On Thursday’s “CNN Tonight,” Chicago Mayor Rahm Emanuel stated that national media and politicians should “take a step back,” and think about how they should handle stories like the Jussie Smollett story in the future and that “before we rush to judgment, we should take a pause, get the facts.”
Emanuel began by talking about what a “welcoming city” Chicago is, adding, “I’m upset about what he said about the city and the way he used the city. But more importantly — and every city has challenges to work on, let me say something about our city, that is, our police officers took this as a very serious hate crime, and they dedicated the resources to deal with it as a hate crime. But then you literally put doubt, not only about the city, and also, in addition, what about the person that’s in the workplace facing discrimination? What about the young man who’s dealing with his own sexual orientation and is attacked for it in high school or in some school, who’s now going to doubt whether people are going to believe him? You have put all those real stories at risk for your fake story. That is not right. That is not right for Chicago. That is not right for what kind of city we are.”
He later added, “I think the national media, I think national politicians, they need to take a step back, and they need to think about this moment. They need to think about other moments and think about how we approach stories going forward. Because you and I know that the moment this was said, everybody rushed to judgment about the veracity of it. And my — it didn’t add up to a lot of us that live in Chicago. Our officers pursued it as if it were the truth, and came to the truth — or the facts as they were laid out. I hope one of the things that we all come out of this is learning that before we rush to judgment, we should take a pause, get the facts. And that’s not just on the media. That’s a part of it. That’s also on national politicians that jumped to a conclusion about what was true and not true at the time.
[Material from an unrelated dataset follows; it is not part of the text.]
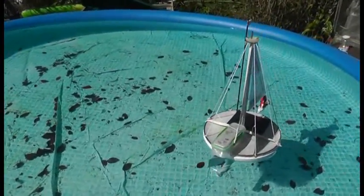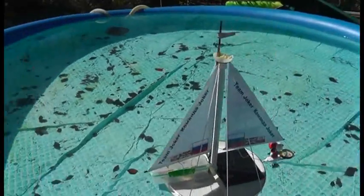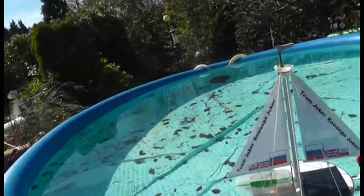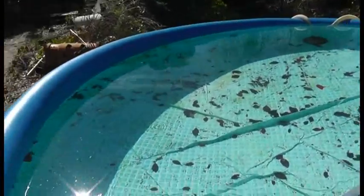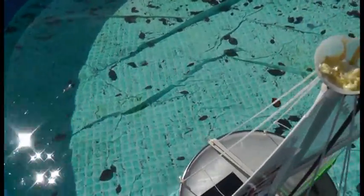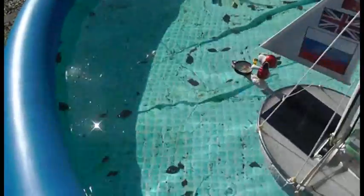Put the rudder over there. Right, let's see what happens if we try to tip it over. Oh, it doesn't want to turn over. No, that's not a problem.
Which is also why I’m upset, because at some point, somebody in the future, who is a victim of an attack because of their sexual orientation or a victim…because of their faith or a victim because of their race will not be believed, when they should be heard and trusted for what has happened to them.”
Emanuel also weighed in on President Trump’s tweet on the matter, stating that the president doesn’t have much authority to talk about bigotry given his remarks about Charlottesville.